Abstract
There is hardly any cross-cultural research on the measurement invariance of the Brief Multidimensional Students’ Life Satisfaction Scales (BMSLSS). The current article evaluates the measurement invariance of the BMSLSS across cultural contexts. This cross-sectional study sampled 7,739 adolescents and emerging adults in 23 countries. A multi-group confirmatory factor analysis showed a good fit of configural and partial measurement weights invariance models, indicating similar patterns and strengths in factor loading for both adolescents and emerging adults across various countries. We found insufficient evidence for scalar invariance in both the adolescents’ and the emerging adults’ samples. A multi-level confirmatory factor analysis indicated configural invariance of the structure at country and individual level. Internal consistency, evaluated by alpha and omega coefficients per country, yielded acceptable results. The translated BMSLSS across different cultural contexts presents good psychometric characteristics similar to what has been reported in the original scale, though scalar invariance remains problematic. Our results indicate that the BMSLSS forms a brief measure of life satisfaction, which has accrued substantial evidence of construct validity, thus suitable for use in cross-cultural surveys with adolescents and emerging adults, although evaluation of degree of invariance must be carried out to ensure its suitability for mean comparisons.
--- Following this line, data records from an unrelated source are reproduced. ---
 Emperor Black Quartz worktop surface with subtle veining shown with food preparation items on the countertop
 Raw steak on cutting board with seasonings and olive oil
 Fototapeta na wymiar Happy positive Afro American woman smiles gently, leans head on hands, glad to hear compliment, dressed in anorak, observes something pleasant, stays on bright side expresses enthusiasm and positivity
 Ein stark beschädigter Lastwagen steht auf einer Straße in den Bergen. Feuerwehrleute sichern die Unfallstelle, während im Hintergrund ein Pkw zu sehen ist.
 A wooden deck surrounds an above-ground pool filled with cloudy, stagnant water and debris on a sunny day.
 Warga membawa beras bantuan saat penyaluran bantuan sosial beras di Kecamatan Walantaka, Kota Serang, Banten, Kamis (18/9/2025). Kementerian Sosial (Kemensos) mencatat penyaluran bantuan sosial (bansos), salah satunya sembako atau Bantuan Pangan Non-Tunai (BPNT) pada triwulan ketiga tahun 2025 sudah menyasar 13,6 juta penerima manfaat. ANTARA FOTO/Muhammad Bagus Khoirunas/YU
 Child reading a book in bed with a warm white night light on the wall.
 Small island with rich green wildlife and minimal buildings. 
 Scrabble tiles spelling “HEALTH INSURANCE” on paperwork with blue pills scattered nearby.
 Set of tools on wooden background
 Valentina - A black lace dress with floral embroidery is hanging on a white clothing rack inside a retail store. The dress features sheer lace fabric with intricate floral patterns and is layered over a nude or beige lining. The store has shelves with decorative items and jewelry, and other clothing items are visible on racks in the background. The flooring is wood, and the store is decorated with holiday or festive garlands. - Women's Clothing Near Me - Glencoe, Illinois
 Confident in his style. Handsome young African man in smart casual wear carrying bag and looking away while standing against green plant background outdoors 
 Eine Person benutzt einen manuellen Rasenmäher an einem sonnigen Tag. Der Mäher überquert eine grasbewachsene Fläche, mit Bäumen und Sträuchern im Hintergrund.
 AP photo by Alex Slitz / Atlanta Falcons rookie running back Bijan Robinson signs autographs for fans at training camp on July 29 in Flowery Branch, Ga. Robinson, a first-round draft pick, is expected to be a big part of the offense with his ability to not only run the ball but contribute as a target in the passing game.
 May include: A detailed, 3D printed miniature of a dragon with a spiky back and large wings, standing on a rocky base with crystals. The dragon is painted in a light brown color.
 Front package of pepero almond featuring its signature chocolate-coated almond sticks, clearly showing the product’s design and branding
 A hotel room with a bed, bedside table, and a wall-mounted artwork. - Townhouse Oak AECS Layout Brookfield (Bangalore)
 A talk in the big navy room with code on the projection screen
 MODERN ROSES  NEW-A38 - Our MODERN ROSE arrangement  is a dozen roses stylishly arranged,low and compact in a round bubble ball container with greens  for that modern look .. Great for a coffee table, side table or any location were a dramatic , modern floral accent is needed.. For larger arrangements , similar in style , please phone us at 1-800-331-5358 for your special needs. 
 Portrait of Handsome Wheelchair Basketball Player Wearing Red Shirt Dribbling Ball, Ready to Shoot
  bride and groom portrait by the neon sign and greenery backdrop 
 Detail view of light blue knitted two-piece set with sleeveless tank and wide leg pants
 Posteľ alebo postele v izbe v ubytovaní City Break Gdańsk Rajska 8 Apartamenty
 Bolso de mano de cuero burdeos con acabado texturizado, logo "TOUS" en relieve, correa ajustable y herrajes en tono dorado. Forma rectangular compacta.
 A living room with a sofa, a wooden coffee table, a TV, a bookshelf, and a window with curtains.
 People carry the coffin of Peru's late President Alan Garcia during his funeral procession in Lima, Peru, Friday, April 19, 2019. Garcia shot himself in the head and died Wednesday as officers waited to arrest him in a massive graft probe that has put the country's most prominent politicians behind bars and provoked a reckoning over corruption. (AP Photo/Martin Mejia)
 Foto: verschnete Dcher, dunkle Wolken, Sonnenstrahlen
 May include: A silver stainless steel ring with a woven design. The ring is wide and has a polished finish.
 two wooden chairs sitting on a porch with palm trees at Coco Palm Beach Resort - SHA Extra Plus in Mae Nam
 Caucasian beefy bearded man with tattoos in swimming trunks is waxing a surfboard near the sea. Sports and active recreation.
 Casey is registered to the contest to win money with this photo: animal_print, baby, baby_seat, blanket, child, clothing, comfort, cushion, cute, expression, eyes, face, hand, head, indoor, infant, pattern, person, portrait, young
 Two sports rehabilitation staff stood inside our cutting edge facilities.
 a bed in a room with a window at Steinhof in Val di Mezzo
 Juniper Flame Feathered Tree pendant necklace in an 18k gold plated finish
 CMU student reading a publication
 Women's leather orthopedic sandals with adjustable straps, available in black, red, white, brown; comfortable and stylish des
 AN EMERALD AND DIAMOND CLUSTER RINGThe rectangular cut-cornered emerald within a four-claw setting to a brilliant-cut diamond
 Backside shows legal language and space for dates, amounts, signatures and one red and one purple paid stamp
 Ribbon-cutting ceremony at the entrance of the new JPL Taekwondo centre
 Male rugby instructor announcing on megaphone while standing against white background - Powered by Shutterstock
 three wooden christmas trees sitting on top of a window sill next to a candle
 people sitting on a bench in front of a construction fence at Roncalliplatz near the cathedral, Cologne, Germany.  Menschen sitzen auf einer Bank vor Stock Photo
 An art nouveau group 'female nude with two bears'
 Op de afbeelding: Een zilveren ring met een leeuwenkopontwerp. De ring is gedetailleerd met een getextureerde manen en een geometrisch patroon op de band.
Life satisfaction forms an important component of subjective well-being among adolescents and emerging adults, as it has been associated with a host of health, educational, and behavioral outcomes (Bussing et al., 2009; Haranin, Huebner, & Suldo, 2007; Proctor, Linley, & Maltby, 2009). In assessing life satisfaction among students, there are various measures currently available, one of the most popular being Huebner’s Multidimensional Life Satisfaction Scale (MSLSS; Huebner & Gilman, 2002). This scale has 40 items assessing satisfaction with life in general, and satisfaction in five domains perceived to be salient for adolescents: self, family, friends, living environment, and school. Since its introduction, the scale has been used in various contexts to assess outcome in adolescents and emerging adults (Galindez & Casas, 2011; Greenspoon & Saklofske, 1997; Huebner, Laughlin, Ash, & Gilman, 1998; Weber, Ruch, & Huebner, 2013).
To deal with the often considerable time and resource constraints in large-scale surveys, Huebner has developed a brief version of the MSLSS. This BMSLSS contains six items (BMSLSS; Huebner, Seligson, Valois, & Suldo, 2006). Five items assess satisfaction in each of the domains previously mentioned, while the sixth evaluates global life satisfaction (Seligson, Huebner, & Valois, 2003). The scarce data available indicate that the BMSLSS has good psychometric properties (Huebner, Suldo, Valois, Drane, & Zullig, 2004). For instance, Zullig, Huebner, Gilman, Patton, and Murray (2005) evaluated its psychometric properties in the United States and reported that the measure has good internal consistency, construct, and criterion validity, and shows adequate discriminant validity. Similar results in studies involving both adolescents and emerging adults have been reported from other parts of the world, such as Serbia (Jovanovic & Zuljevic, 2013) and Turkey (Civitci, 2007; Siyez & Kaya, 2008).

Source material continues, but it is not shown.